▶ _Task goal_: Each line below is to be copied out exactly, and none may be omitted.

▶ _Provided data_:
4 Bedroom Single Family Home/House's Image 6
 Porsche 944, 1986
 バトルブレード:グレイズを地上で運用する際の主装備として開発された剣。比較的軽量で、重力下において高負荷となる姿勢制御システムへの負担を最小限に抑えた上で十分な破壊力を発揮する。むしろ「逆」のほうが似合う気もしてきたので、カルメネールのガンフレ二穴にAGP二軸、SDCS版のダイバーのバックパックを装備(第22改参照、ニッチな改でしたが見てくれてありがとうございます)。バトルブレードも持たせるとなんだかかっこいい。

▶ _Response area_:
4 Bedroom Single Family Home/House's Image 6
 Porsche 944, 1986
 バトルブレード:グレイズを地上で運用する際の主装備として開発された剣。比較的軽量で、重力下において高負荷となる姿勢制御システムへの負担を最小限に抑えた上で十分な破壊力を発揮する。むしろ「逆」のほうが似合う気もしてきたので、カルメネールのガンフレ二穴にAGP二軸、SDCS版のダイバーのバックパックを装備(第22改参照、ニッチな改でしたが見てくれてありがとうございます)。バトルブレードも持たせるとなんだかかっこいい。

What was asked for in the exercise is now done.